The troublemakers are older and improperly installed units—they generate the most problems. The leading causes of failure are:

  1. Seals breaking down from exposure to water (Fig. A). Windows without the proper safeguards to keep water from puddling around the perimeter seals will fail sooner.
  2. Excess heat (Fig. B). Talk to companies that replace insulating glass and they’ll tell you most of their work takes place on windows with direct sun exposure. Heat causes the panes to expand and contract, and it softens and weakens the seals until they develop a crack in their armor and allow moist air in.
  3. Old age (Fig. C). Even the most elastic, flexible seal can’t last forever. Eventually a seal will allow moisture to enter the window.

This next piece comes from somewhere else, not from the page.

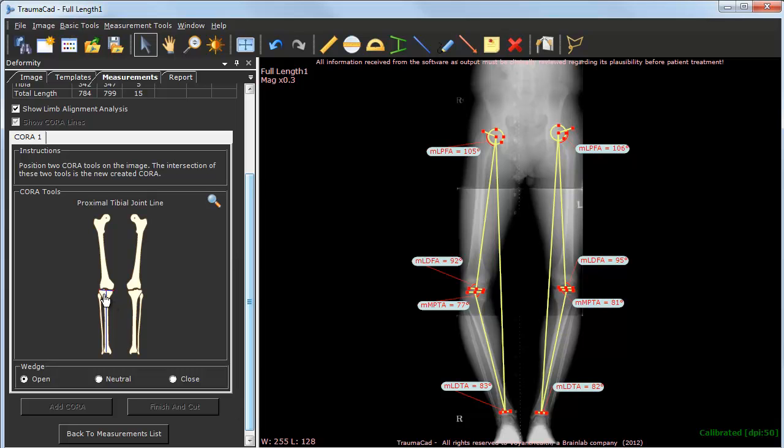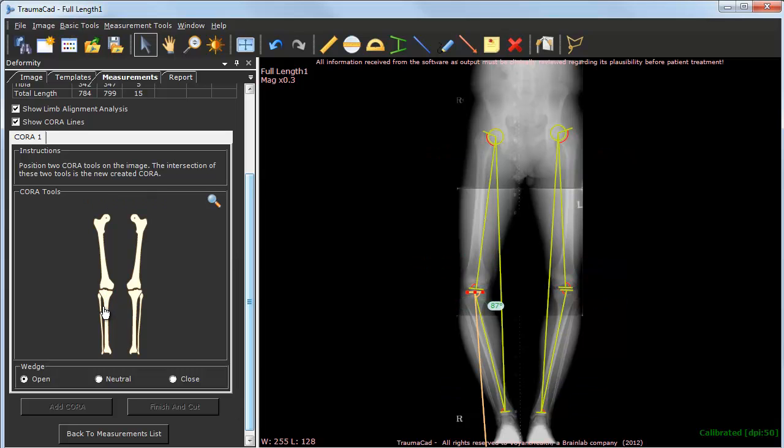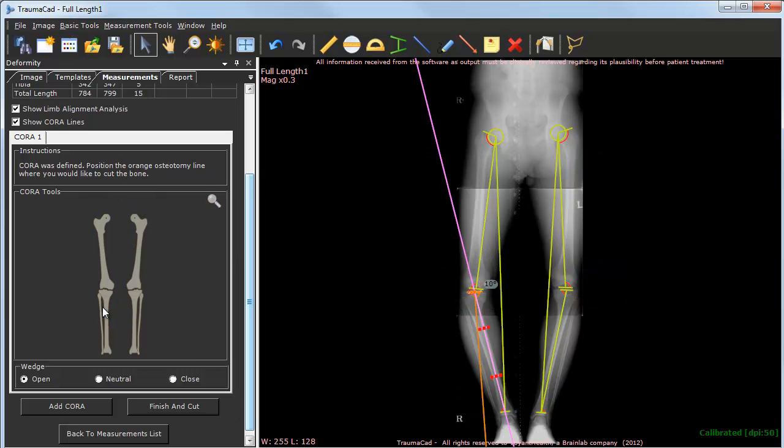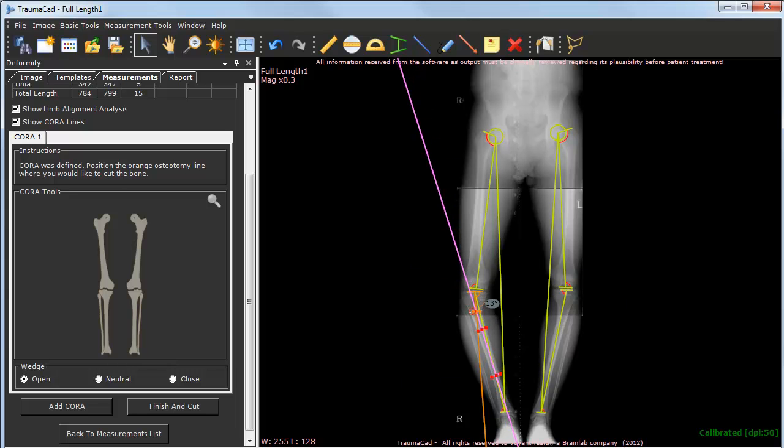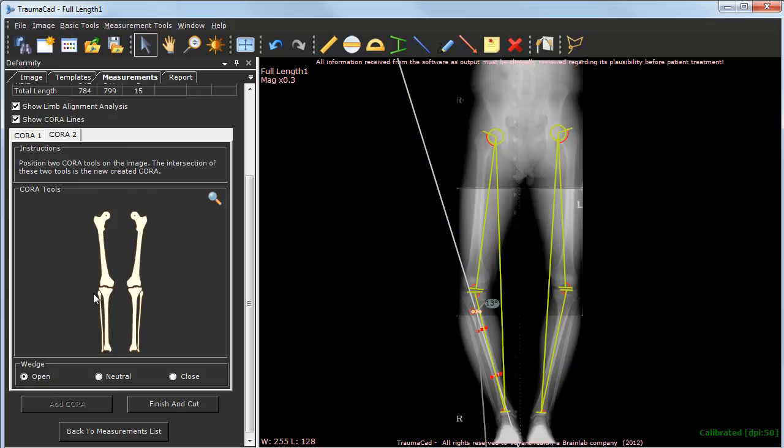Next, I'd like to find the CORA—Center of Rotation Angulation—by selecting two axis lines from the skeletal mesh. Up to four CORAs can be created per image. Once completed, a simulation of osteotomies and implant selection can be done.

Impact will rarely break the seal of a healthy window, but it can be the last straw for one already weakened from one of the above situations.

When windows fog and fail, the only viable option is replacement. It’s extremely difficult to separate the old panes, clean them up and reseal them again: The glass becomes “etched” from minerals in the moist air, the old seals are difficult to remove in order to get a tight new seal and a repair is just not cost effective.

Figure A: Water damage

Perimeter seals can deteriorate when they sit in water; bottom seals are particularly vulnerable. Glass should be elevated up and away from the window sash (and any infiltrating water) with small setting blocks. Weep holes or channels should be included to promote drainage.

Figure B: Heat damage

Perimeter seals can soften and panes can literally bow outward from hot air expansion between panes. Lots of expansion and contraction can actually turn windows into “mini-pumps” that pull in and push out outside air, a real problem if it’s moist air. South-facing windows are the hardest hit.

Figure C: Damage from old age

Perimeter seals can dry out, crack and allow moist outside air to infiltrate. Most windows today carry 10- to 20-year warranties—not bad for all the abuse they have to put up with.